Although advancement has been made to increase the visibility of paints, current standards find the reflective quality of paint less than adequate. One solution to increase the reflectance quality of paints is to incorporate a reflective material within the paint as it is applied to the pavement surface. This technique may also be useful for resins (e.g. thermoplastics or epoxies) and tapes which may contain reflective materials called retroreflectors. Retroreflectors are devices that send light or other radiation back where it came from regardless of the angle of incidence, unlike a mirror, which does so only if the mirror is exactly perpendicular to the light beam. Retroreflectors produce the effect of retroreflection (also called retroflection) and possess retroreflectivity characteristics. One such retroreflector is a highway marking sphere, e.g. a glass bead, having a refractive index of at least 1.5. Each marking sphere behaves like a spherical lens reflecting multiple angled incident light back to the motorist. When light from a vehicle headlight enters the marking sphere, it travels through the marking sphere, strikes the pavement marking material, and is reflected back toward the source from which the light originated, i.e., the driver of the vehicle. In this manner, in the pavement marking material, e.g. the paints, tapes or resins, reflectance qualities are increased and make it easier for drivers to see these pavement markings at nighttime.
Incorporation of marking spheres into paints and resins while maintaining the retroreflectivity of a highway marking has its challenges. With paints and resins, marking spheres can be mixed into the paint or resin before application, or the marking spheres can be applied just after the paint is applied to the highway. Of these incorporation techniques, the latter technique is generally preferred because the marking spheres are adhered to the pavement marking material, but not embedded completely below the surface of the pavement marking material. This application technique allows the marking spheres to be present at the surface of the pavement marking material where retroreflectivity of the applied highway marking can be immediately utilized.
That is to say, other techniques have certain disadvantages. For example, marking spheres mixed into the paint or resin before application tend to have marking spheres within the layer of paint or resin as it is applied on the pavement surface. These embedded marking spheres are not easily removed from the pavement marking surface, but also cannot be immediately utilized. They can be subsequently utilized after the top layer of pavement marking material is worn away from vehicle traffic or weather.

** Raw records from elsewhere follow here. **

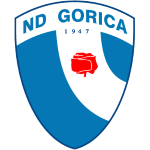 https://img.digutou.com/img/football/team/d41000db21d201af237eae991e6281b6.png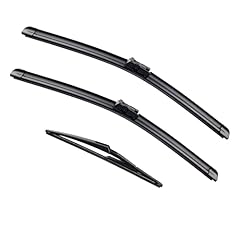 Anikluim wiper blades for sale  Delivered anywhere in USA 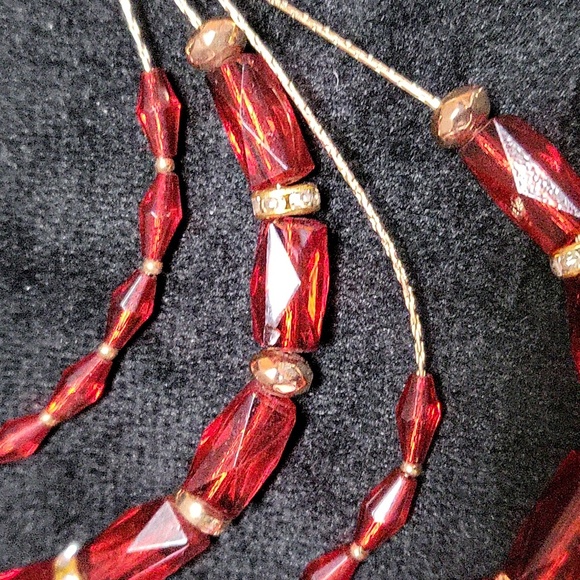 Nine West - Picture 3 of 4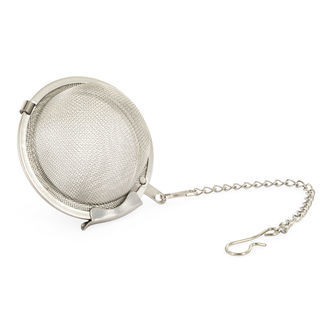 Infusor de chá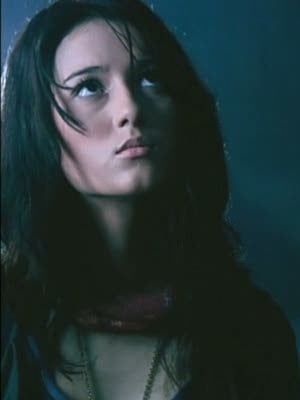 Affiche Julie Estelle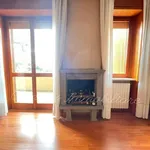 Rent 5 bedroom apartment of 181 m² in Foggia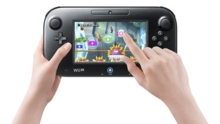 Wii U 推出 23 款游戏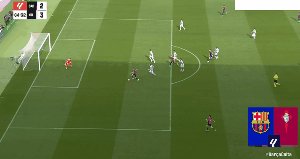 1745077851244020153.gif bar cel 5.gif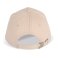 Gorra beisbol KP051. .
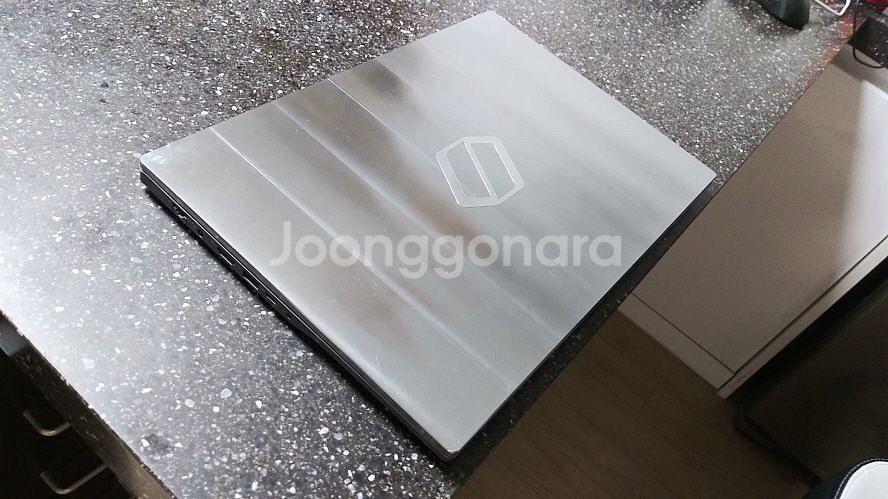 삼성 오디세이Z 풀메탈 고성능 게이밍 노트북--1
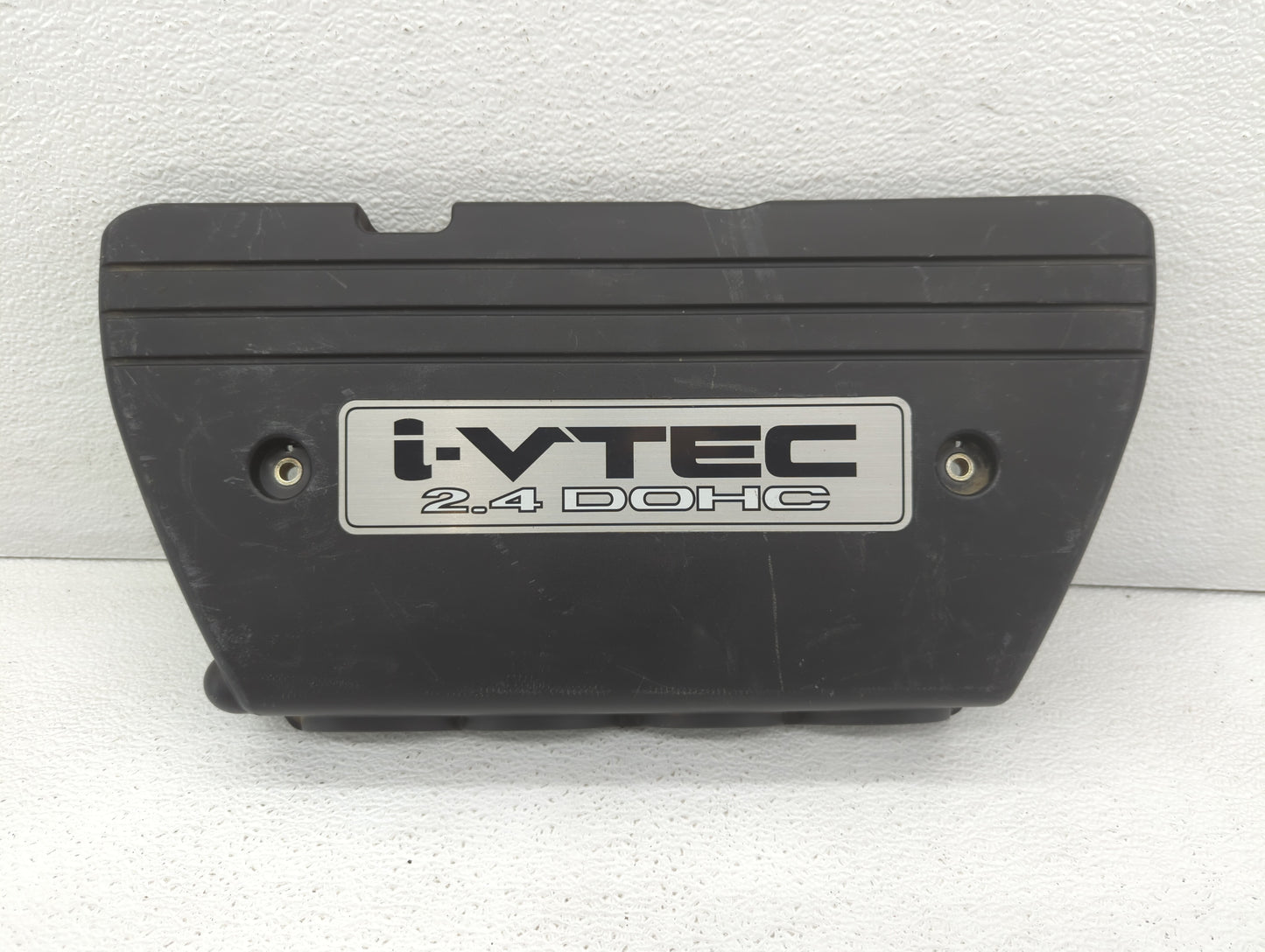 2006 Honda Accord Engine Cover - Oemusedautoparts1.com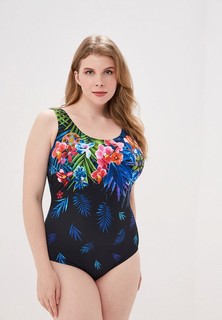 Купальник Ulla Popken 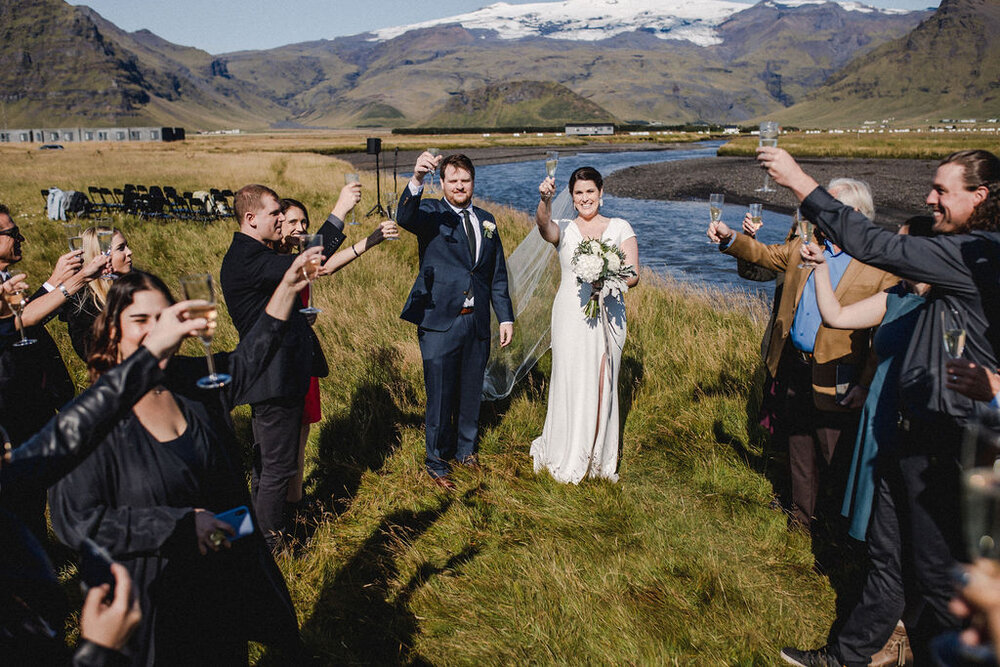 best-wedding-photographer-in-iceland-38.jpg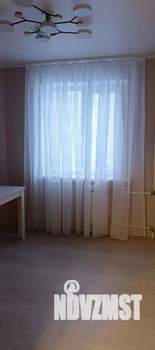 3-к квартира, вторичка, 61м2, 4/9 этаж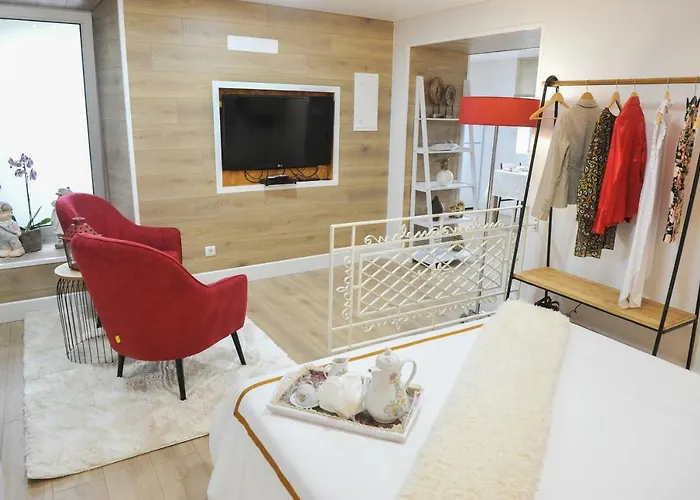 Casa Do Azevinho - Grupo Casas Vale Do Lima 度假居 *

A typical device to dispense marking spheres just prior to application is a marking sphere dispenser. A marking sphere dispenser is typically located on a movable vehicle that also carries the paint or resin applicator, so that an appropriate quantity of marking spheres are dispensed onto the width of the pavement marking in accordance with predetermined marking characteristics. The vehicle carrying the marking sphere dispenser is generally moving while the pavement marking materials and marking spheres are applied to the pavement surface. Therefore, if the marking spheres are simply dropped directly onto the pavement marking material as the pavement marking material is applied, the relative velocity of the marking spheres approximates the velocity at which the vehicle is moving over the pavement.
The relative marking sphere velocity is responsible for a phenomenon called marking sphere rolling. It is typically seen that applying marking spheres from a vehicle traveling less than about 8 mph does not result in any significant marking sphere roll. At these speeds, the amount of road surface covered in a day is meager. There is a desire therefore to increase the application speeds, but application speeds above 8 mph are problematic in that these speeds impart a significant relative velocity to the marking sphere. The relative velocity at which the marking spheres strike the pavement marking material on the road surface can cause the marking spheres to roll along the pavement marking material in the direction of vehicle travel after initially striking the pavement marking material despite the tackiness of the pavement marking material. As the marking spheres roll, they pick up some of the pavement marking material on their surface, which prevents that portion of the marking sphere from reflecting light. To reduce marking sphere roll, the marking sphere dispenser may be positioned so that the marking spheres are ejected from the marking sphere dispensing device having a vector opposite the vector of vehicle travel. This opposing marking sphere vector cancels some or all of the relative velocity of the marking spheres and reduces rolling.
Marking sphere roll becomes more problematic by the continuing drive to apply the pavement marking materials and marking spheres at faster speeds so that the vehicles carrying the pavement marking devices minimally impact traffic conditions. As is understood, the faster the vehicle moves in one direction, the faster the marking spheres must travel in the opposite direction to reduce marking sphere roll. In this regard, some marking sphere dispensing devices impart a velocity to the marking spheres with pressurized fluid in a direction opposite to the direction of travel of the vehicle.